On this page I present my unstructured thoughts about statistics and epidemiology from time to time.
Finding evidence in the context of uncertainty is challenging.
Confusion caused by the p-value
November 17,2017
Long-term discussion about the use and misuse of p-values
Four recent articles
- Goodman S. A dirty dozen: twelve p-value misconceptions. Semin Hematol. 2008;45(3):135-40.
- Nuzzo R. Statistical errors. Nature, 2014; 506(7487):150-152.
- Ronald L. Wasserstein, Nicole A. Lazar. The ASA's Statement on p-Values: Context, Process, and Purpose. The American Statistician. 2016;70:2, pages 129-133.
- Greenland S, Senn SJ, Rothman KJ, Carlin JB, Poole C, Goodman SN, Altman DG. Statistical tests, P values, confidence intervals, and power: a guide to misinterpretations. Eur J Epidemiol. 2016;31(4):337-50.
The calculation of a p-value can be followed and therefore appears to be an objective measure for the evaluation of a study. It should be noted that assumptions are made explicitly or implicitly when calculating the p-value. It is assumed that the statistical assumptions of the applied statistical method are met and that no bias is present due to data collection and statistical analysis (e. g. confounding, selection bias, measurement error, correct model specification). A violation of these requirements limits the validity of the p-value.
Conclusions for epidemiological observational studies
- Avoid Null Hypothesis Significant Testing (NHST), in particular dichotomization
(p
< 0.05 significant vs. p ≥ 0.05 not significant) or "trichotomization" (significant, marginally significant, not significant).
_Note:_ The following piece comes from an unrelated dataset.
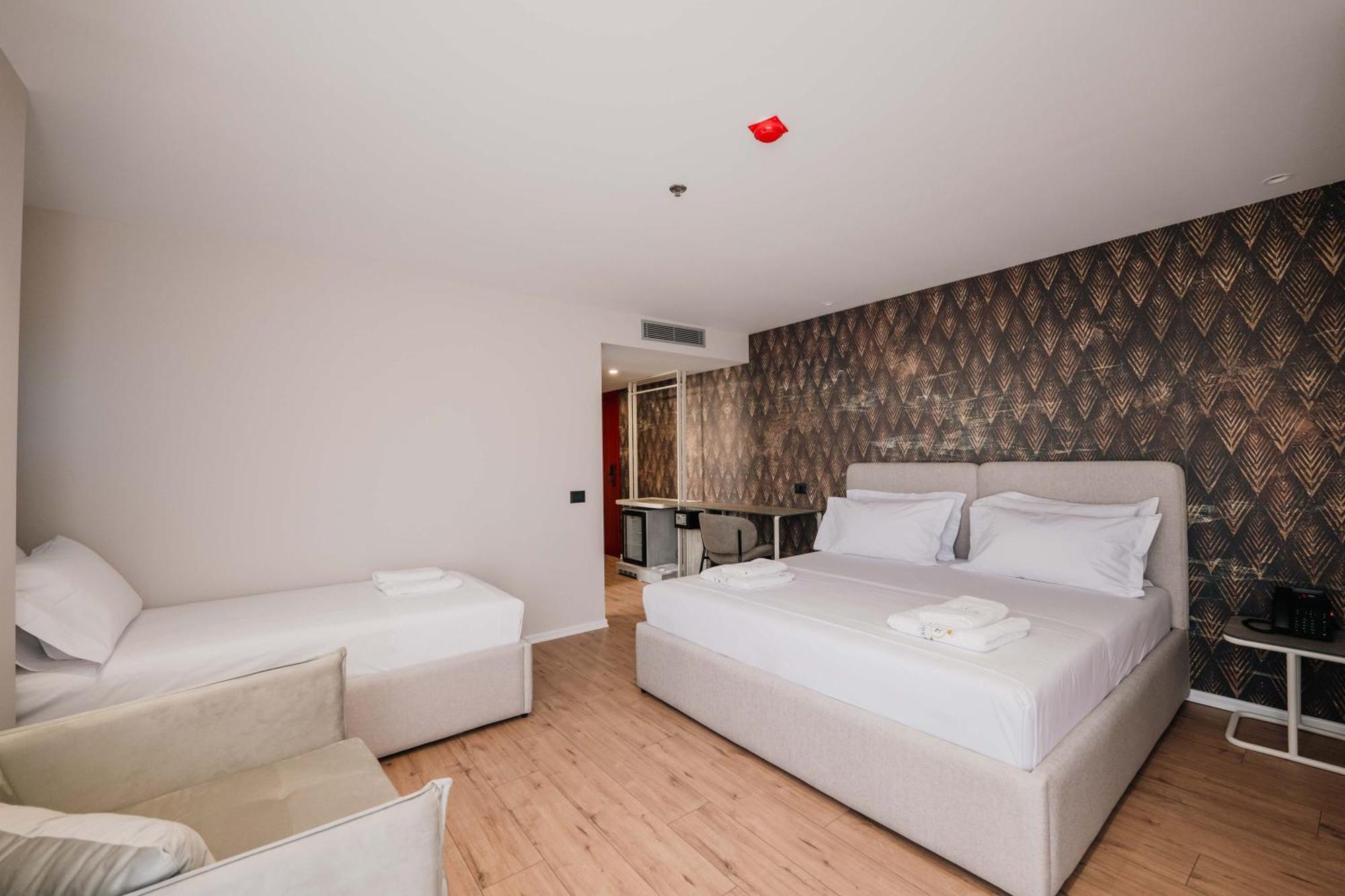 Ermes Luxury 4* Durrës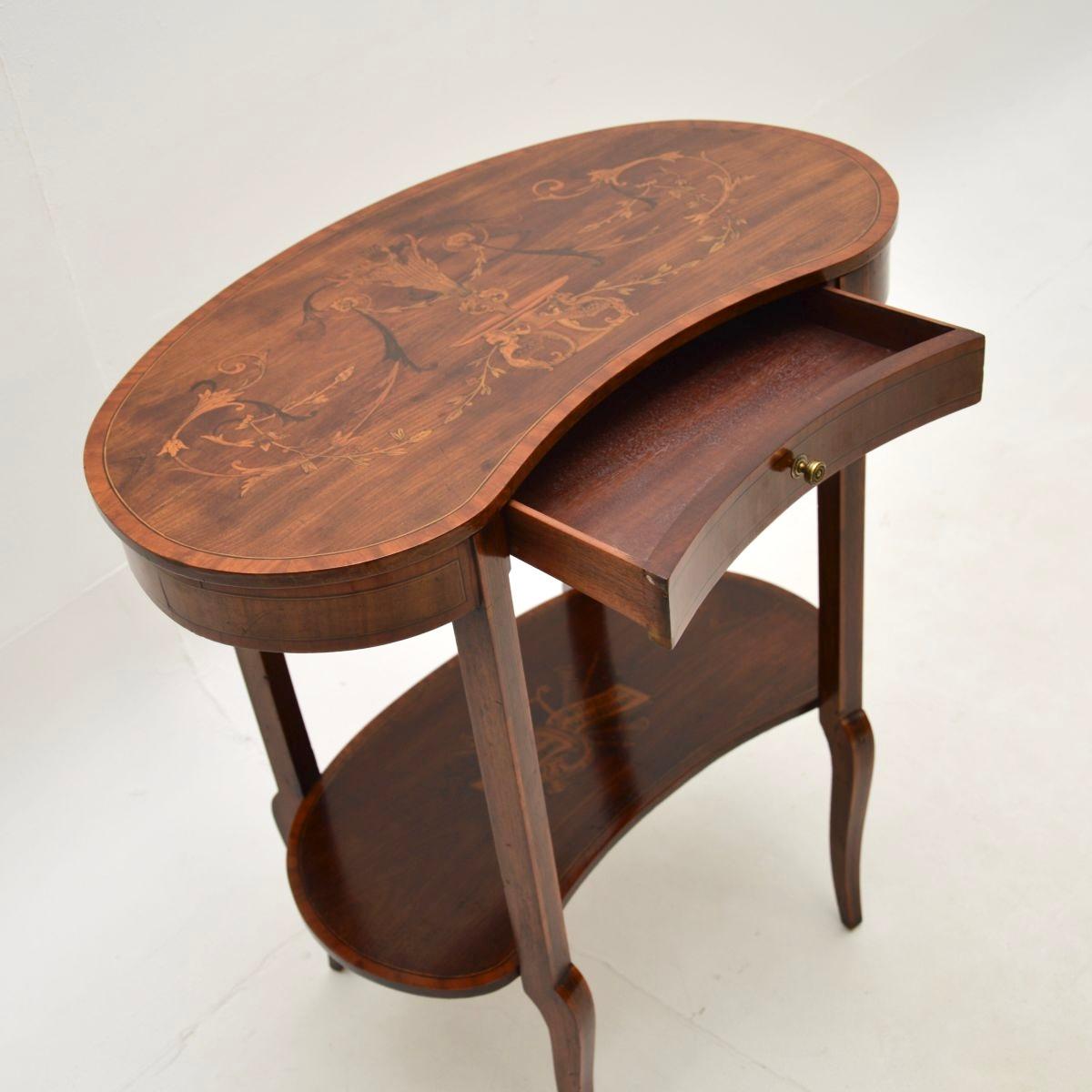 Antigua mesa auxiliar eduardiana Kidney Madera en venta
- Don't use p-values for a decision alone ("relevant" vs. "not relevant").
- The p-value is not a measure of the relevance of a study result, but a measure of evidence against the null hypothesis assuming that the null hypothesis is true. Therefore, the p-value should be interpreted as continuous measure without arbitrary cutoffs, if at all.
- The p-value is confounded by sample size and precision. (Lang JM, Rothman KJ, Cann CI. That confounded P-value. Epidemiology. 1998;9(1):7-8).
- Transforming the p-value into a more easily comprehensible measure like the surprisal value -log2(p) can help to reduce the misuse of p-values (Greenland S. Invited Commentary: The Need for Cognitive Science in Methodology, AJE. 2017;186(6): 639-645; http://www.umsl.edu/~fraundorfp/egsurpri.html, Fraundorf P. Examples of surprisal. Accessed November 16, 2017).
- Use parameter estimates + confidence intervals (but should also used carefully).
- Bayesian statistic provides a way to quantify uncertainty.
- Compare your results with your expectations.
- Conclusions should not be based on a single study. The results of a study should be interpreted taking into account the existing evidence (knowledge).
Can there be an objective decision rule for the evaluation of a study result, since many subjective decisions are made? It starts with the evaluation of the existing evidence and followed by the choice of study design, study population, study size, inclusion and exclusion criteria, the statistical methods to be used, the variables to be included, etc.
The rationales for a decision should be traceable. However, this does not mean that a traceable decision is objective.